Items from a dataset
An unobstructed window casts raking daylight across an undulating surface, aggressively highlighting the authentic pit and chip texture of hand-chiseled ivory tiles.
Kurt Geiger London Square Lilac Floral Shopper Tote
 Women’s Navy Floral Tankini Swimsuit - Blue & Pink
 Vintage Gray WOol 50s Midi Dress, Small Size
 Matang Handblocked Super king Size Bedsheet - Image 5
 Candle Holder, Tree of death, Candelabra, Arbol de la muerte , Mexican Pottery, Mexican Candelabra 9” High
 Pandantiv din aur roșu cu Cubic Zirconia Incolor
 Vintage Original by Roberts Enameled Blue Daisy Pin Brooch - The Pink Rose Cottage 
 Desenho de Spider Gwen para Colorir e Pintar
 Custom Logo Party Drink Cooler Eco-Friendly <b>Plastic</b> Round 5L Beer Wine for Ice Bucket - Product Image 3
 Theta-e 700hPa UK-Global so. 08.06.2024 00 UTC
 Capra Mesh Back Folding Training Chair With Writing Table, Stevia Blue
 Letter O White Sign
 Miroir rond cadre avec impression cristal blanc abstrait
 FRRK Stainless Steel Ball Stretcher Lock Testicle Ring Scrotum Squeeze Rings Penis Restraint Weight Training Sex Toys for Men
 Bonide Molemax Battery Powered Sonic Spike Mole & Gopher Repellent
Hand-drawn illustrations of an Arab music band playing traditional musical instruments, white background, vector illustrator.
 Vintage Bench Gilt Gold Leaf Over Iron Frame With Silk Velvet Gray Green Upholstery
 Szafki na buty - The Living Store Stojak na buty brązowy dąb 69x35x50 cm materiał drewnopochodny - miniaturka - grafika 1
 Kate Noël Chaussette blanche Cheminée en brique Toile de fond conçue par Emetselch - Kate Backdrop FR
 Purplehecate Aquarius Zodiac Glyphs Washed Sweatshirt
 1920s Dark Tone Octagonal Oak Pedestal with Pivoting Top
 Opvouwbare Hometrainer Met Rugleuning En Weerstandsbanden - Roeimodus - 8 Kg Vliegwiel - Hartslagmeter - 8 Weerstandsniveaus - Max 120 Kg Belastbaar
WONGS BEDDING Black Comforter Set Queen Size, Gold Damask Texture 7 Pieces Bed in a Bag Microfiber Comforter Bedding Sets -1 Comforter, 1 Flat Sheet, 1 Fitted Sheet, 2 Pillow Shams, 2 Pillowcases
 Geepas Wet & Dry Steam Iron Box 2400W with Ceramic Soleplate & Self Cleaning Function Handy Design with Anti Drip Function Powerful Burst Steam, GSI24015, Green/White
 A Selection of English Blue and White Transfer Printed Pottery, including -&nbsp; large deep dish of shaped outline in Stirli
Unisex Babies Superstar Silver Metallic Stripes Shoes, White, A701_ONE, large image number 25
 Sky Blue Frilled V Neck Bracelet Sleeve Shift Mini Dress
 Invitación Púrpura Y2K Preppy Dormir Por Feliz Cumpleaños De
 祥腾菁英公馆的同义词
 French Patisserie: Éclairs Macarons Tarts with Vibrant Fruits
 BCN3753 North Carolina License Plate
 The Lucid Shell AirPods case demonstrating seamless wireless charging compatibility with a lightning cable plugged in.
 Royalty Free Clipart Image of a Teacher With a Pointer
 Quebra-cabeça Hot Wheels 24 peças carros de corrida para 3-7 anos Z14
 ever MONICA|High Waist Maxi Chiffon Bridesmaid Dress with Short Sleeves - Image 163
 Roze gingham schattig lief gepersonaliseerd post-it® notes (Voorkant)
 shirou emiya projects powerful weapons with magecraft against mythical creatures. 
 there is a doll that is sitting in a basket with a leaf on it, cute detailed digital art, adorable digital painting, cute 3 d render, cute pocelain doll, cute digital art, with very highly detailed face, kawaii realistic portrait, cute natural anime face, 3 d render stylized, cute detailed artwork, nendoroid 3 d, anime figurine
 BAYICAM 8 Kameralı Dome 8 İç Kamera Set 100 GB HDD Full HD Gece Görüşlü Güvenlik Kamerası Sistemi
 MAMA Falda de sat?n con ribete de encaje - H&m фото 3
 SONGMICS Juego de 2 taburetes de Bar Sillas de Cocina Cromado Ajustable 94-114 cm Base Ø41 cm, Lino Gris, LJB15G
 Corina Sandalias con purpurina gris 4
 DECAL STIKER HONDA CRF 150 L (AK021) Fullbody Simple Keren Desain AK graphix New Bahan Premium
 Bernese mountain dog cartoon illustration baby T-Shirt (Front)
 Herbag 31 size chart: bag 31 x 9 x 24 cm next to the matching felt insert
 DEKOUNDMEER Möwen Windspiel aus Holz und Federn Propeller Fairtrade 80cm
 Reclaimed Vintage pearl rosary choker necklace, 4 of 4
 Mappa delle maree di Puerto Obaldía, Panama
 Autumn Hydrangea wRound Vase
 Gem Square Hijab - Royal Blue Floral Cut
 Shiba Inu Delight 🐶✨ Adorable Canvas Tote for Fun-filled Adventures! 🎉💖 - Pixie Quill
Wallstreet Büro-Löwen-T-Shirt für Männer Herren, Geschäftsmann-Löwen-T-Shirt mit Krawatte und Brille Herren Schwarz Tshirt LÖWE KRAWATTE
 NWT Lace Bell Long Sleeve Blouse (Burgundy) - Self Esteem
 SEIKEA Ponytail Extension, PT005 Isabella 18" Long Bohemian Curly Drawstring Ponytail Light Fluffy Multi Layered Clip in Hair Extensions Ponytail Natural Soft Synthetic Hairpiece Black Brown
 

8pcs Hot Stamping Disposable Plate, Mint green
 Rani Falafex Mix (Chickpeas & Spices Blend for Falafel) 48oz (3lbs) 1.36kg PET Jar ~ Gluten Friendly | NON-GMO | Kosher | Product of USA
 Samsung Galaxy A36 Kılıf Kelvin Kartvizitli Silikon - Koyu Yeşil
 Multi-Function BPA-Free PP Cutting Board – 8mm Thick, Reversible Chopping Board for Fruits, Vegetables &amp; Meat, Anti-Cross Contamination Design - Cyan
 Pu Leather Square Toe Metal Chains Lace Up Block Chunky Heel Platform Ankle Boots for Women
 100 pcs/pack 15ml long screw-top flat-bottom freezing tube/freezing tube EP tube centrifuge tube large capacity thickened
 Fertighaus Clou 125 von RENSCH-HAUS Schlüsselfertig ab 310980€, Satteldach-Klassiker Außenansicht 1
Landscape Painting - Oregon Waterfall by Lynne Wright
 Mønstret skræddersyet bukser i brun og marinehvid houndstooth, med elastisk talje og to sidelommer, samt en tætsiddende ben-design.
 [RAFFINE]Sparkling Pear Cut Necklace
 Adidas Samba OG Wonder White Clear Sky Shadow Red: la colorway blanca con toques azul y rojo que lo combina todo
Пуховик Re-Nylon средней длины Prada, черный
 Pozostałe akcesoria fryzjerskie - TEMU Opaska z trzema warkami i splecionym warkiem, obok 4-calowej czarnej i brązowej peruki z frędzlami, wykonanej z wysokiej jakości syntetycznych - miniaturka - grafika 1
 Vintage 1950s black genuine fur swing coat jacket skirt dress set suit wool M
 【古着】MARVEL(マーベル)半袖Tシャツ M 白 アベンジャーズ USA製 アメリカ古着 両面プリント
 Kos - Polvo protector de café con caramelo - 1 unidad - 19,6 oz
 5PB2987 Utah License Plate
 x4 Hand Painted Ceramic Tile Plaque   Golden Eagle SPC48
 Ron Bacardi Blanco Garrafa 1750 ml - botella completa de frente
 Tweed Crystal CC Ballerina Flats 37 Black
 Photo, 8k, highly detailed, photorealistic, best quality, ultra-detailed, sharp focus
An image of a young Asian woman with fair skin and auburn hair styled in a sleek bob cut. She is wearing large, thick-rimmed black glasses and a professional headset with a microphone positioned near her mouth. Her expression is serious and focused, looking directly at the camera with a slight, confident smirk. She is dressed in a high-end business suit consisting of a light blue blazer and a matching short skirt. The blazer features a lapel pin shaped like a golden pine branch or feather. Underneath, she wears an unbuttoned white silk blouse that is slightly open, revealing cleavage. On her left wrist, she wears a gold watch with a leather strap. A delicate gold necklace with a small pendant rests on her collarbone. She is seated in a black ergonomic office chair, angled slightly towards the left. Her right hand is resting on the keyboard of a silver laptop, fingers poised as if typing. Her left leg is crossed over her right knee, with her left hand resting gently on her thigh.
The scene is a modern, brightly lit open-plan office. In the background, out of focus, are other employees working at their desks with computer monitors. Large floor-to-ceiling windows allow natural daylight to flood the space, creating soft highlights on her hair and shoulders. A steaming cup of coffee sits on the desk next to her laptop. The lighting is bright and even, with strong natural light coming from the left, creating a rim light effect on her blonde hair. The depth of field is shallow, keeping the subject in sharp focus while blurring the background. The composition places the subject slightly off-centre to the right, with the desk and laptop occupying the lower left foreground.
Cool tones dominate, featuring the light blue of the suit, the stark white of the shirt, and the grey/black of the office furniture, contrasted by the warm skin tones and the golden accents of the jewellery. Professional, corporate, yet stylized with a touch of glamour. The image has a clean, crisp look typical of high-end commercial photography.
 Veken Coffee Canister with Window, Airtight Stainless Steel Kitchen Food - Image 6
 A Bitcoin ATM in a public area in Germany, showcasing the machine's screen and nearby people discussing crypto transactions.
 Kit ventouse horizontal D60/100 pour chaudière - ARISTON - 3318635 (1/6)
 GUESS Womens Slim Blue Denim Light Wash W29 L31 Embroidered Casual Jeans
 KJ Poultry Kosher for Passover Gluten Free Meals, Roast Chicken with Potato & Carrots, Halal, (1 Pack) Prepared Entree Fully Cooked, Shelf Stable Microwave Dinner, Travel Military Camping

■ **What is required**:
Repeat only what lies between the first line of the data and the line containing "Desenho de Spider Gwen para Colorir e Pintar", both of those lines included, exactly as it stands.

■ **Solution to the exercise**:
An unobstructed window casts raking daylight across an undulating surface, aggressively highlighting the authentic pit and chip texture of hand-chiseled ivory tiles.
Kurt Geiger London Square Lilac Floral Shopper Tote
 Women’s Navy Floral Tankini Swimsuit - Blue & Pink
 Vintage Gray WOol 50s Midi Dress, Small Size
 Matang Handblocked Super king Size Bedsheet - Image 5
 Candle Holder, Tree of death, Candelabra, Arbol de la muerte , Mexican Pottery, Mexican Candelabra 9” High
 Pandantiv din aur roșu cu Cubic Zirconia Incolor
 Vintage Original by Roberts Enameled Blue Daisy Pin Brooch - The Pink Rose Cottage 
 Desenho de Spider Gwen para Colorir e Pintar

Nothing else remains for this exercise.